It came from my work guiding emerging and experienced leaders through emotional intelligence development, and then helping their teams with the same. 

My brain busting moment was slow to develop, until it came crashing in:

Empathy and compassion are not the same thing, though we often use these terms loosely and interchangeably.

We can have empathy for someone without caring about them. Conversely, we can care about someone and feel no empathy for them.

Empathy is analytical. Compassion is emotional. 

Empathy is not caring compassionately. In fact, empathy is not a feeling, it is the strategic inventory of our own feelings and experiences to understand another’s. 

Compassion, on the other hand, is a feeling.

This difference between empathy and compassion is exemplified in some of the most effective but reviled leaders in the world, those who are considered to lack empathy, when, in fact, they demonstrate extraordinary empathy. They understand someone’s emotions and how to manipulate them, and they do so without compassion.

Have no fear, however, they are the exception not the rule.  

How to separate your empathy from your compassion without losing yourself

Here’s my secret to decoupling my superpower as an empath from my hardwired default to care.

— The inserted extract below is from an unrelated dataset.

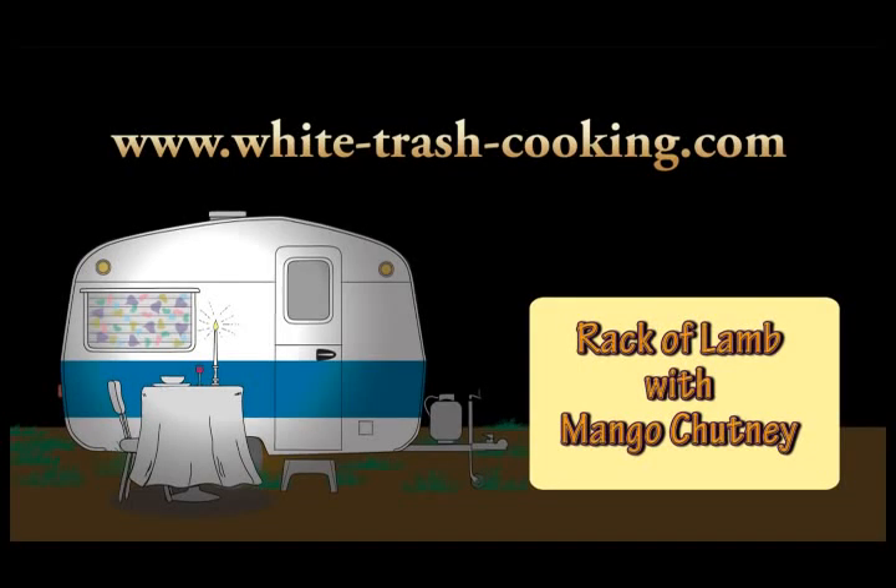Hello, my name is Dennis and welcome to my Trailer Park White Trash Mobile Home Kitchen. I really do live in a mobile home, in a trailer park, and this is my kitchen.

The next time you find yourself in a hyper-charged emotional situation at work or at home, and find yourself struggling to understand and care for the others’ experience in a productive way – try this personal inventory:

  • What are they feeling?
  • Why are they feeling it?
  • How do I know it?
  • Have I felt the same?
  • What is my responsibility in this situation?
  • How do I show I understand and I care without accepting their burden?

If you can master this technique, you improve your boundaries,  protecting yourself and the other person.

If that isn’t compassionate, I don’t know what is.